Task requirements:
Within the entries below, please retype exactly the lines starting with the line that has "Poupée Disney Ursula" and going on through the line that has "52 Chase Street, Sunapee, NH 03782", but not the pictures.

Input data:
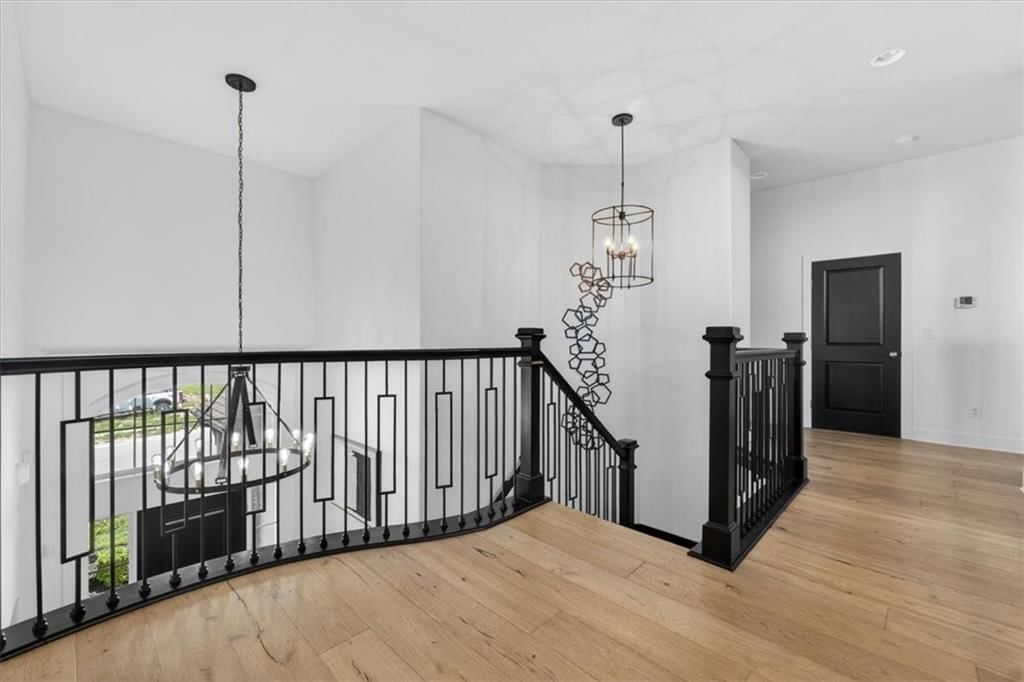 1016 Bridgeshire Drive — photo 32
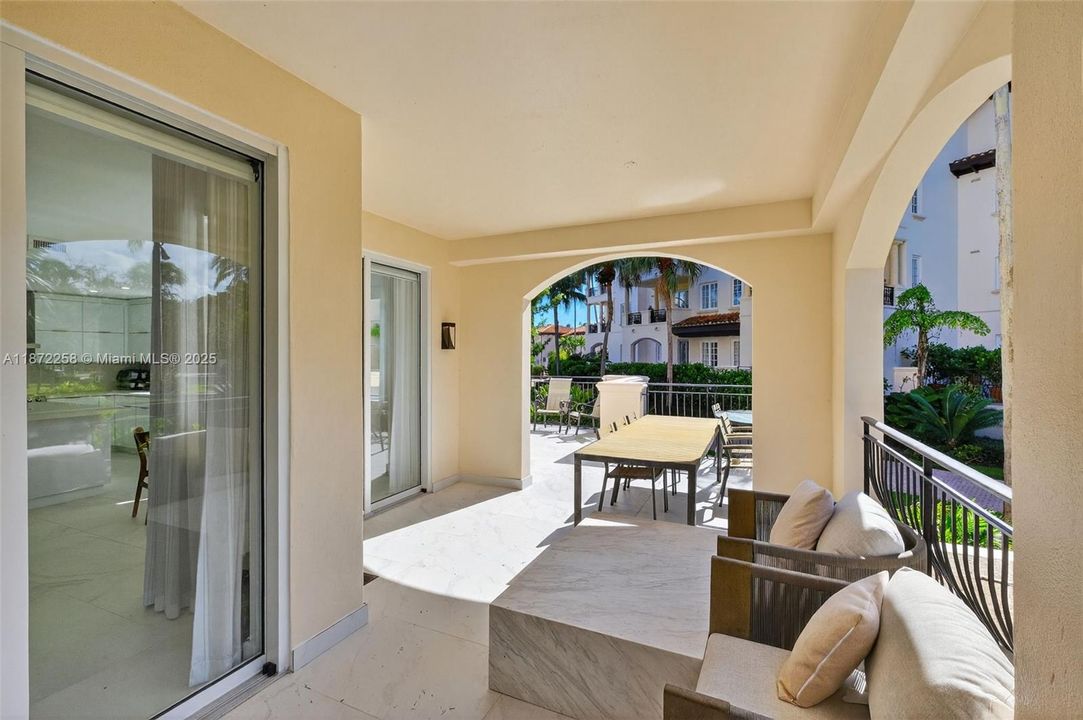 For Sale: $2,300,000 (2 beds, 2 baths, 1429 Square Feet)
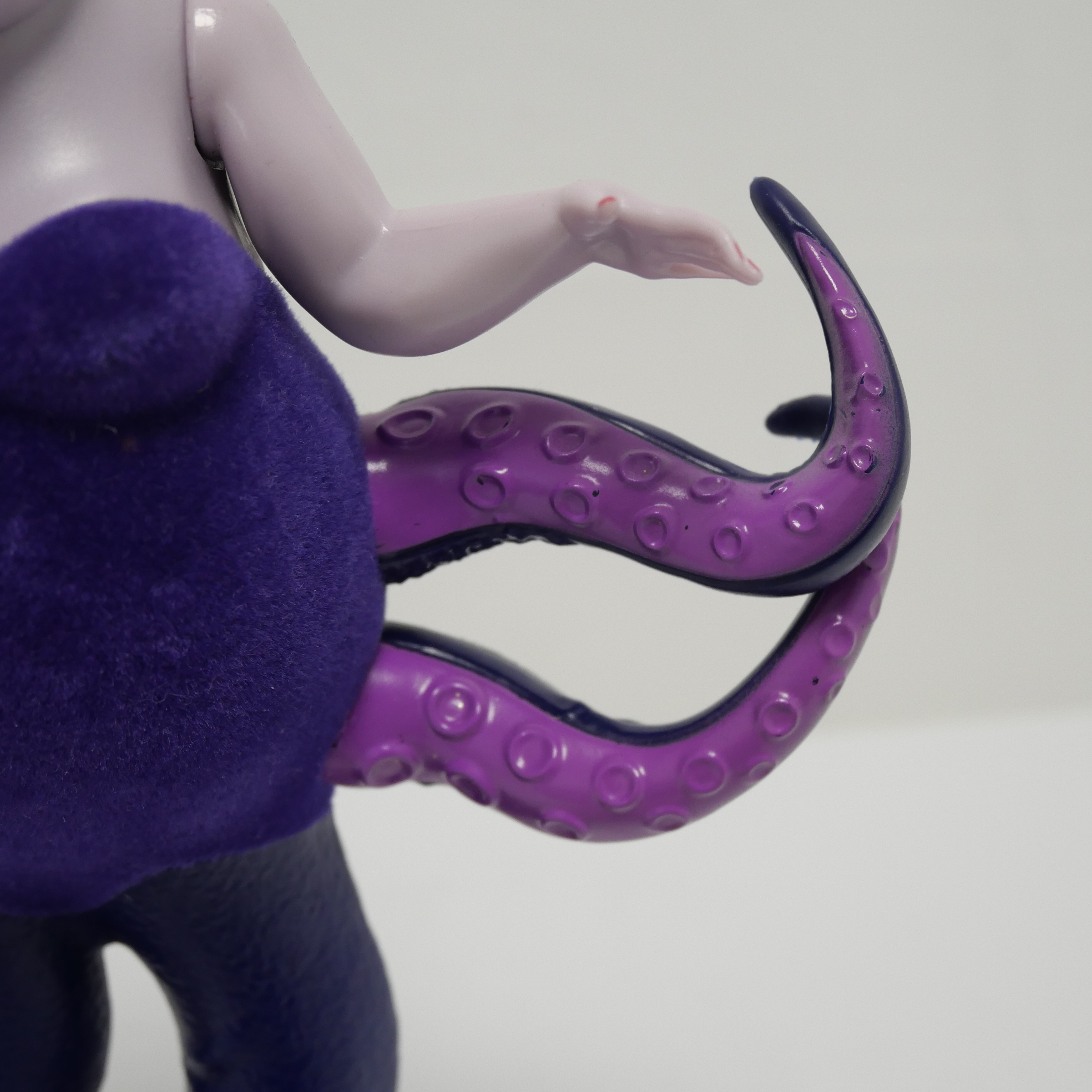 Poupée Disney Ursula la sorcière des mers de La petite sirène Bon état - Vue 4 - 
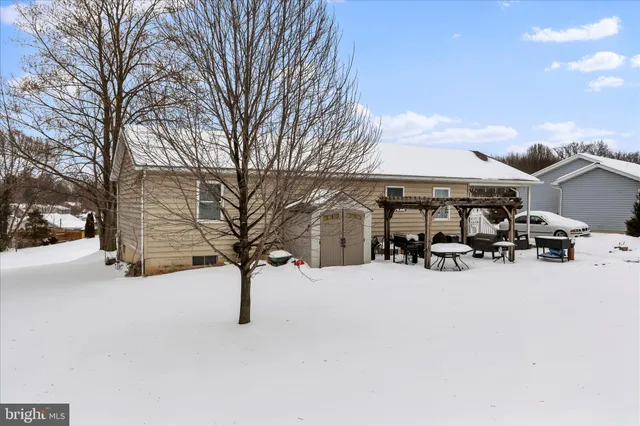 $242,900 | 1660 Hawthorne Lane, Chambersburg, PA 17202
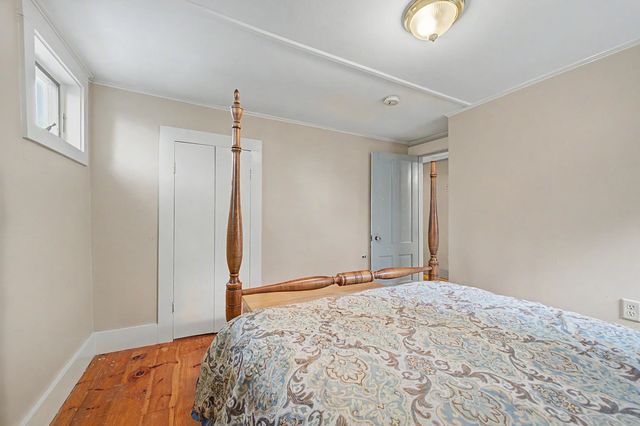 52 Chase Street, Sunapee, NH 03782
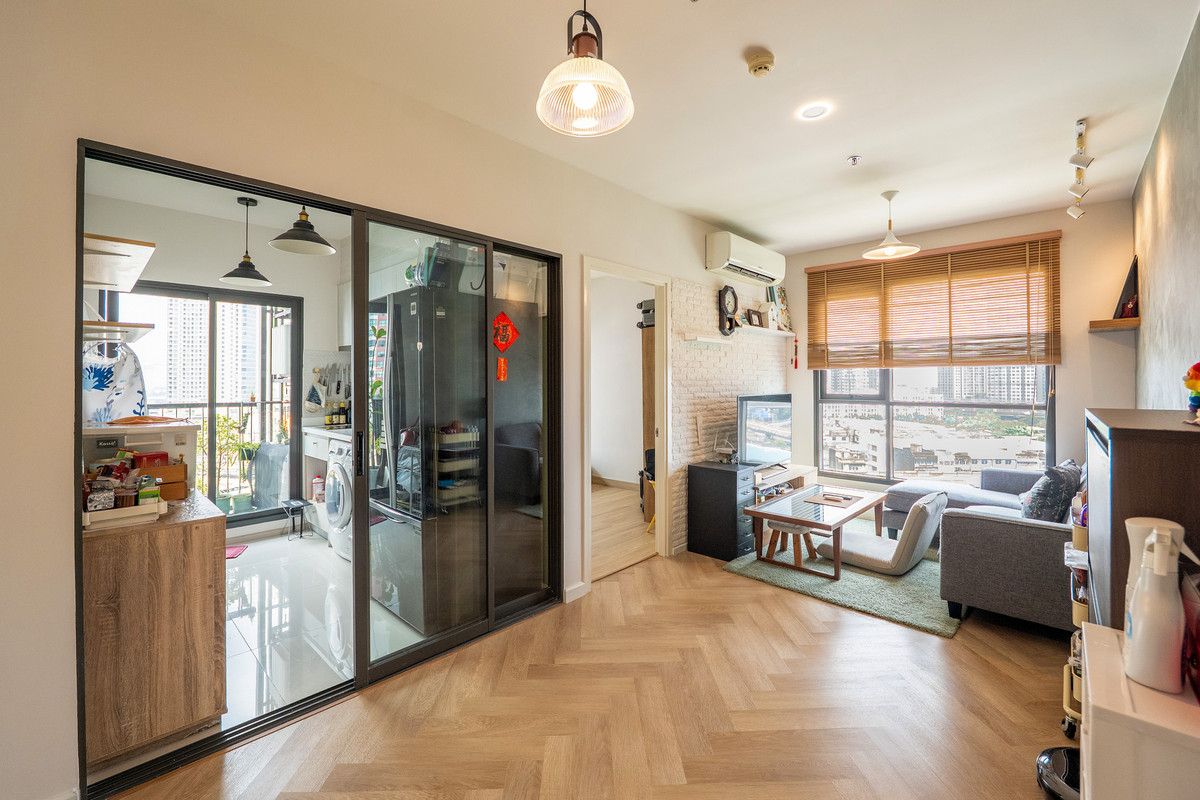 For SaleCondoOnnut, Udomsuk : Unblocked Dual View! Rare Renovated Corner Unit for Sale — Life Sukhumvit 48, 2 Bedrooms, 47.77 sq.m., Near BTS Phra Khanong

Answer to this task:
 Poupée Disney Ursula la sorcière des mers de La petite sirène Bon état - Vue 4 - 
 $242,900 | 1660 Hawthorne Lane, Chambersburg, PA 17202
 52 Chase Street, Sunapee, NH 03782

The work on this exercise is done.